Confused What to Buy? Know the Common Types of Car Batteries Today

Confused What to Buy? Know the Common Types of Car Batteries Today

What would your car be without car batteries? In many ways, these tiny electrical systems are the heart of your vehicle. Take it away and your car basically becomes a solid hunk of metal that's wasting valuable space in your garage.

It's inevitable that you're going to change your batteries over a period of time. Unfortunately, there are many kinds of batteries today, and can be quite confusing. Here are the types of batteries in the market today:

Starting, Lighting, and Ignition Batteries

Common Uses: Almost all vehicles Benefits: Easily accessible; ideally used to give short, but powerful bursts of energy.

This type of battery is common among all automobiles. They are often used to transfer power to the minor parts of your vehicle, such as the radio, lights, and ignition.  Truth is, your car won't be able to start without this battery.
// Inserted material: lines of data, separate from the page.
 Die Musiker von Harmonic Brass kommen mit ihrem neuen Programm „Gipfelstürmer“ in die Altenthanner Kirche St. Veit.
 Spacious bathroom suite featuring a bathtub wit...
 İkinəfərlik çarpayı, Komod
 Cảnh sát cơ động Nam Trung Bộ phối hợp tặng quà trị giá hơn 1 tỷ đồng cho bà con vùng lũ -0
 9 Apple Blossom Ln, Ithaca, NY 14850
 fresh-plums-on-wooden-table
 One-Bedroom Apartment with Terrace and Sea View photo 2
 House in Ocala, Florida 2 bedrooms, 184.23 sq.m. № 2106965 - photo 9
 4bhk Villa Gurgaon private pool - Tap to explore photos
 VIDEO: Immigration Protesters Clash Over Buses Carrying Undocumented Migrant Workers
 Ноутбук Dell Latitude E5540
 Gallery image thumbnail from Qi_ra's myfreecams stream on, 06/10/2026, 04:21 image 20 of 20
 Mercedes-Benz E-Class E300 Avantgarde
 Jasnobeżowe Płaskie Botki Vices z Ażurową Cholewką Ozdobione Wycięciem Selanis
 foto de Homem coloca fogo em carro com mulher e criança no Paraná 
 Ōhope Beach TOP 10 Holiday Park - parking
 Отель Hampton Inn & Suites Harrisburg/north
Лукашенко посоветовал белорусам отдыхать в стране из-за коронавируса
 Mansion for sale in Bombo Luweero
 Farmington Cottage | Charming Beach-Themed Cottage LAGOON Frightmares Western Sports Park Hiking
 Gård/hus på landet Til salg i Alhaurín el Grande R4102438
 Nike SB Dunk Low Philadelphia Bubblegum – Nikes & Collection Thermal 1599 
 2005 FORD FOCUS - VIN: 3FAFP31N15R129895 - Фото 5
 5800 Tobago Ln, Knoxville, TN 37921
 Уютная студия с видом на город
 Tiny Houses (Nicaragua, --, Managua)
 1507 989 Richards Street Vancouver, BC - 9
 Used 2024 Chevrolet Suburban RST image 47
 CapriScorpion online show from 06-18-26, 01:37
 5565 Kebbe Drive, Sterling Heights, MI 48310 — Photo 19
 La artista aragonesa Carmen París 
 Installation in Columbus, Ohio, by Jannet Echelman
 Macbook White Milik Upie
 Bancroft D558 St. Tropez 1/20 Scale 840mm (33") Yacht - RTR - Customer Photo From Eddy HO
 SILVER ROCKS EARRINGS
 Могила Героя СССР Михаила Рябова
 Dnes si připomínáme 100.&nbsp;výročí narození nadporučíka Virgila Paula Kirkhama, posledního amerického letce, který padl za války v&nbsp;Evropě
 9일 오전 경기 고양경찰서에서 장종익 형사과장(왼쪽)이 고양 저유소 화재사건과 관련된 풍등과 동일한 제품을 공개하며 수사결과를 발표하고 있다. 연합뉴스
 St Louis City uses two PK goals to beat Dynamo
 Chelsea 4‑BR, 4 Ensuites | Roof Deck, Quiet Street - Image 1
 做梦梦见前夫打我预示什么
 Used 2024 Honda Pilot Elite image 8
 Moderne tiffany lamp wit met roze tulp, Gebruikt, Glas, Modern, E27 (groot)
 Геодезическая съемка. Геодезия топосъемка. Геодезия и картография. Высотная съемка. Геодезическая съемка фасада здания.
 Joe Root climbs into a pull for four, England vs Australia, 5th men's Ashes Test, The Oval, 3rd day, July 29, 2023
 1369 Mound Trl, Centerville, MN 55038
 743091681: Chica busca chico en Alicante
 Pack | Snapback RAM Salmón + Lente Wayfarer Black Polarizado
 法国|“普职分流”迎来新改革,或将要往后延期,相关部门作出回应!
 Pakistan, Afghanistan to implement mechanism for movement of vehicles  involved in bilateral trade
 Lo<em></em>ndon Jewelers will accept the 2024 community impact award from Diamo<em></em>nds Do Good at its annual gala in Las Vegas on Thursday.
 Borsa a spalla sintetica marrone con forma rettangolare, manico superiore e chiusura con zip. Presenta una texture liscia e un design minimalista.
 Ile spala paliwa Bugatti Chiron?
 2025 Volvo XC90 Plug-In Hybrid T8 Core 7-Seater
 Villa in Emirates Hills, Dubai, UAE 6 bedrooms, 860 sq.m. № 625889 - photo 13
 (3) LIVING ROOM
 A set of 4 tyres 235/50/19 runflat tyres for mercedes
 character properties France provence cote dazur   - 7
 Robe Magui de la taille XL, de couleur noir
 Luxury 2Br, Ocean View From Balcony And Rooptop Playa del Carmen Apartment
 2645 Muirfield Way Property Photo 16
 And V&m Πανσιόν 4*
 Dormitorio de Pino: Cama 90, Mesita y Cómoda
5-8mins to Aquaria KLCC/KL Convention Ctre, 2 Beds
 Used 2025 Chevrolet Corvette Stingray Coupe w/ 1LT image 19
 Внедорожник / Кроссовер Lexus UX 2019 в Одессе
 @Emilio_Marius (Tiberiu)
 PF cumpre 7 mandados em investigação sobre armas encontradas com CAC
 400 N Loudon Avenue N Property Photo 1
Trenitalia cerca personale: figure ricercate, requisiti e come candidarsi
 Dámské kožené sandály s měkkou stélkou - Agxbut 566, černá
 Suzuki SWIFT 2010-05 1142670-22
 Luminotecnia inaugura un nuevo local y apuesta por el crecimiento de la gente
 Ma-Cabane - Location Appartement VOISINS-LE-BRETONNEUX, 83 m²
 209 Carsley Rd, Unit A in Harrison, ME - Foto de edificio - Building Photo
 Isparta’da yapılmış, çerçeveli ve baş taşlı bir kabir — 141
Valve-Regulated Lead-Acid Batteries

Common Uses: Motorcycles, ATVs Benefits: Requires little maintenance; battery life tends to be longer

These batteries are often sealed, preventing spills. Consequently, this type of battery requires lesser maintenance. Its seal-proof feature is also the reason why they're often replaced instead of serviced.

There are two types of Valve-Regulated Lead-Acid Batteries: the Absorption Glass Mat (AGM) and the Gel Cell (GC) batteries. AGM comes in short bursts, but with a higher power rate. GC batteries function best for vehicles that use deep-cycle applications, such as marine vehicles. These deep cycle batteries provide sustained power over a long period of time, and only needs to be recharged once they're 80% (or more) discharged.

Lithium-Ion Batteries

Common Uses: Hybrid or Electric Vehicles Benefits: Recharges fast

Lithium-Ion batteries are lighter compared to the traditional lead-acid batteries, but they can store a huge amount of energy and recharge themselves quickly.

One disadvantage, however, is that it has a shorter lifespan, often lasting two to five years. They're also more expensive to maintain. Whatever the case, these batteries are ideal to use for hybrid and electric  vehicles.

Now that you know which type of battery to use for your vehicle, you should make sure that the one you're buying is  of the right size. It's also a good idea to buy those with the greatest reserve capacity; or a good alternative is to look for the highest amp hour rating that you can find. That way, you can fully maximize your battery's life and perhaps save a few pesos on the side as well.